Gas compositions (% vol C1-C5) changed only moderately as Fig. 1 and Table 1 illustrate. The Mississippian Floyd shale (Black Warrior Basin, MISS) and the Devonian/Mississippian New Albany shale (Illinois Basin, ND) gave similar compositions (Figs. 2 &3) while the Cretaceous Mowry shale (Colorado) gave a distinctly different composition (Fig. 4). Figs. 2, 3, 4 (Table 1) displays three distinct compositions, but each remains relatively constant over time under isothermal gas flow.

Figure 2
figure 2

The distribution of C 1 -C 5 hydrocarbons emerging from Floyd shale under helium flow at 50°C (Fig. 1). C4 and C5 represent both isomers. 57 μg C1-C5/g were generated over the course of this experiment.

Figure 3
figure 3

The distribution of C 1 -C 5 hydrocarbons emerging from New Albany shale under helium flow at 100°C. C4 and C5 represent both isomers. 1.2 mg C1-C5/g was generated over the course of this experiment. New Albany shale (Dev./Miss.) is side wall core (1025 m) from a well in Union County, KY, Illinois Basin.

Figure 4
figure 4

The distribution of C 1 -C 5 hydrocarbons emerging from Mowry shale under helium flow at 100°C. C4 and C5 represent both isomers. 25 μg C1-C5/g was generated over the course of this experiment. Mowry shale (Cretaceous) is core (7700 m) from an unknown well in Colorado.

To replicate flow conditions without mass transport, samples were subjected to multiple closed reactions. Products were removed between reactions by syringe at ambient temperatures. This generated a series of products representing gas generation unaffected by gas-flow mass transport. The two procedures (gas flow and sequential closed reactions) should give similar products if mass transport makes no contribution to product compositions and substantial differences if mass transport controls product compositions. Seven sequential products from Floyd shale at 50°C are shown in Fig. 5 (Table 2) and six sequential products from Mowry shale at 100°C are in Fig. 6 (Table 3).
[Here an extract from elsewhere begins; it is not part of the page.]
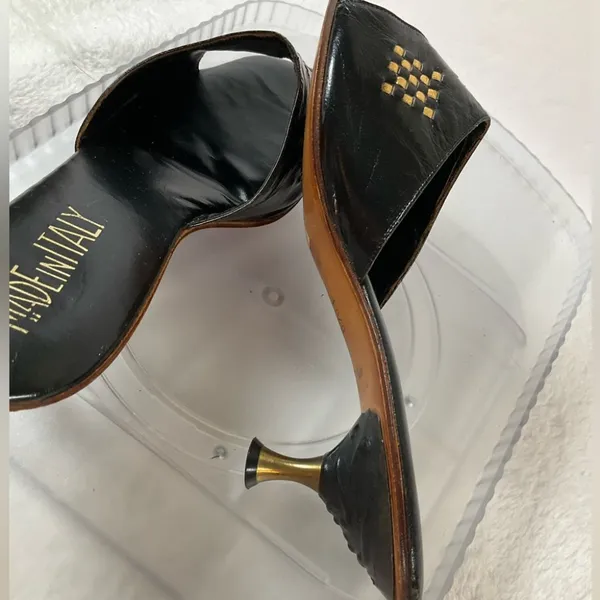 Black Leather Studded Brass Heels Slides Sandals Sz 8.5 Narrow made‎ in Italy - Image 6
Table 2 Gas compositions (% mol) in sequential closed reactions, Floyd Shale at 50°C
Figure 5
figure 5

Concentrations (% mol) of C 1 -C 6 hydrocarbons generated in six sequential closed reactions, Floyd shale at 50°C (Table 2). 'Reactions' refer to the six closed reactions in Table 2. Data points represent average values of two sequential reactions: 'Reactions 1 & 2' is the average value for 1st hr and 2nd hr; 3 & 4 is the average value for 3rd and 4th hr, and so on. C4 - C6 include all acyclic isomers.

Figure 6
figure 6

Concentrations (% mol) of C 1 -C 6 hydrocarbons generated in five sequential closed reactions, Mowry shale at 100°C (Table 3). 'Reactions' refer to the five closed reactions in Table 3. Data points represent average values of two sequential reactions: 'Reactions 1 & 2' is the average value for 1st hr and 2nd hr; 3 & 4 is the average values for 3rd and 4th hr, and Reaction 5 represents the last reaction (24 hr). C4 - C6 include all acyclic isomers.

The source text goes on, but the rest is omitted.